We were more than a bit shocked, and drove carefully back to the U-Haul place to rent a bigger truck. But all theirs were gone. After several phone calls we found one across town and gave them our credit card info. We left the truck at our now-empty house and drove our car over to get the new truck. I drove while Carolyn made phone calls to arrange with a moving company to cart everything out of one truck, and into the other. They could do it, but they had another moving job first thing in the morning and weren’t sure when they’d arrive. We’d meet them in front of the home of some other friends who had a long lot and a very long curb. We’d back the trucks up to each other to make it as easy as possible. Carolyn spent the day with last minute details and I waited with the trucks until the crew arrived in the early afternoon.
They were three of the biggest Native American guys I’ve ever seen and they were already exhausted from the earlier job, that included moving a grand piano (really!). I couldn’t help but think of that classic Laurel and Hardy movie, although these guys looked a lot more competent. I primed them with ice-cold Cokes to get their energy levels back up, and they started the long process of loading the new, and much larger, truck – which ended up looking only about half full, but drove a lot better.
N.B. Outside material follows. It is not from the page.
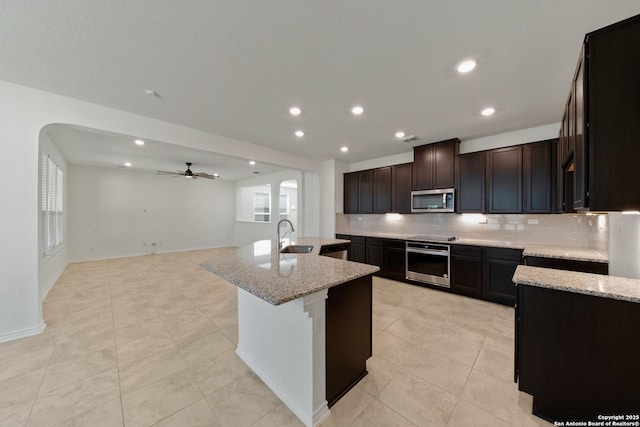 kitchen with backsplash, light stone countertops, a kitchen island with sink, stainless steel appliances, and a sink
We paid the movers $300 for an afternoon of heavy work, and later, when I dropped off the first truck, I signed a credit card slip for about $175 for the priviledge of storing everything in the truck overnight. We were almost $500 poorer but now we had a truck that could carry the load safely. We figured we’ll eventually share this story with the friends who helped us load up in the first place, but not just yet. Maybe someday, when it’s funny.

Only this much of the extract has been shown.